Slow Burn Book 8, ‘Grind’
Chapter 1
If only you could get your family far enough away or get there fast enough.
If only.
Maybe to Grandma’s house.
Or Uncle Jim’s.
If you could get to that safe bug-out cabin in the woods.
If only.
But there’s all that goddamn traffic.
And there you sit, thinking that instead of having spent the extra $2,500 on the four-wheel drive option that would have let you tear ass cross country and get off these goddamn clogged roads, you’d opted instead for the two-wheel drive model and spent the difference on that fucking giant flat screen television, so you could see even the tiniest of details, HD-clarified to the point of perverse intrusiveness. Like those tiny glistening bubbles of sweat on the football players’ skin when they were hammering it on fourth and one.
Sweat bubbles?
How fucking important are those details in the grand apocalyptic view of a highway clogged with cars all the way from San Antonio to Dallas, maybe beyond? Hell, maybe every damned highway in the country is constipated with four-wheeled steel, stalling in the heat, running out of gas, waiting for what all the panicked rumors said was coming.
Virus!
Worse. People—regular people—turned monster.

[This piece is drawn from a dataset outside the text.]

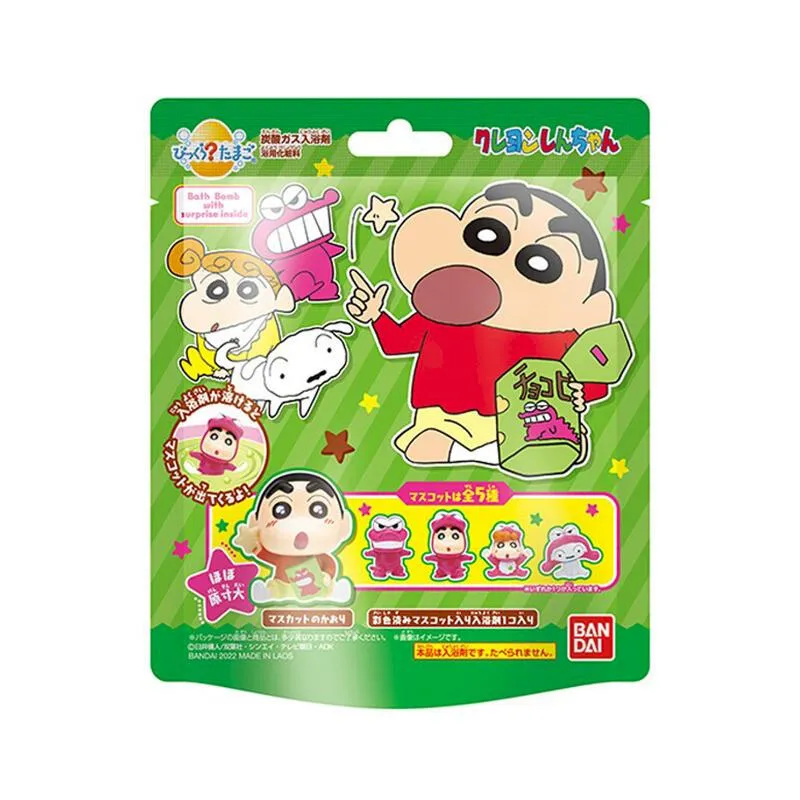 萬代 BANDAI  蠟筆小新 野原一家迷你裝飾 全6款 不拆賣 扭蛋 轉蛋 豬帽子模型玩具 歷史價格詳細信息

You don’t believe it even though you saw them on the TV with your own two eyes. You saw them on the Internet. Coworkers shared videos on your phone. You told yourself over and over again there had to be a rational explanation.
But there wasn’t one. Only terrifying truths.
And you’re afraid those truths will turn every one of these fucking cars into coffins full of diminutive corpses and fat, dead parents.